Well, it has finally happened A24 has released a film that utterly disappointed me.

X, and man I would have worked for a better title, is the story of five twenty-somethings and one

A24 Studios

forty-something traveling to a secluded rural Texas farm in 1979 to film a pornographic film and the night of terror, violence, and murder that ensues.

The sub-genre that X best fits into is hicksploitation, represented by such diverse films as Deliverance and Gator Bait and of course the movie X is most often compared to, The Texas Chain Saw Massacre. Like The Texas Chain Saw Massacre, X has been overly praised.

The characters of X are sketched in only the barest contours and what is there that passes as characterization does little to endear much sympathy. I do not believe that this is the fault of the performers but rather of the script. There is little to recommend this film beyond Mia Goth’s dual performance as characters separated by more than 60 years in age. (From this point onward, I will be revealing spoilers, though not the ultimate ending, for the movie.)

The movie repeatedly shattered any suspension of disbelief I might have possessed. The character RJ has artistic aspirations of making a ‘good dirty movie,’ referring to avant-garde French Cinema and yet he is making a movie without any lights, reflectors, or even a single tripod. The movie hangs a hat on this incongruity when Wayne, the old man and producer, yells at Maxine for being absent and that RJ is ‘losing the light’ as the sun sets but then everyone rushed into a darkened barn to film, where there is no fricking light.

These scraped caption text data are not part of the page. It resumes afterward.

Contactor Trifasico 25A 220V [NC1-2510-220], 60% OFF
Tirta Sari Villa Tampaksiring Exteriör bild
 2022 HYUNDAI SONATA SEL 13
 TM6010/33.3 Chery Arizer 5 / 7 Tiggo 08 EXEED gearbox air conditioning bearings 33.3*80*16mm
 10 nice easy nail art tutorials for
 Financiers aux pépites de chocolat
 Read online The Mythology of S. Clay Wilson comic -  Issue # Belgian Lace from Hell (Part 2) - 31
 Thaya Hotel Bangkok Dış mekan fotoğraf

Later in the movie, after RJ feels betrayed and has attempted to abandon everyone his girlfriend and sound recordist enlists Wayne’s help in searching for him. Wayne wanders out into the Texas brush, at night, wearing one underwear and no shoes. Because apparently not one of the native Texans has ever heard of ‘chiggers’ (bush-mites), snakes, fire-ants, or even just thorns.

In addition to displaying a lack of any concern about insects or plants the film to hampered by situations around the character of Jackson Hole, the sole male performer in their ‘dirty movie.’ As a black man, engaging in interracial sex, and deep in rural Texas, with a shady elderly white man prone to brandishing a shotgun showing little more than antipathy towards these young people, he acts far too cavalier about his own safety to be anything other than a cinematic ‘professional victim.’

X boasts one really nicely crafted scene of dread and suspense amid it jarring editing and reliance on jump scares. When Maxine goes skinny dipping in a pond and is hunted by an alligator the entire sequence plays out beautifully but ultimately only serves to establish the ‘gator so that it can be used later in an attack that possess none of the slow stalking dread exhibited earlier.

X proved to be a waste of my evening but at least with the AMC A List subscription it cost me no extra money. My advice is to wait for streaming or cable and then miss it.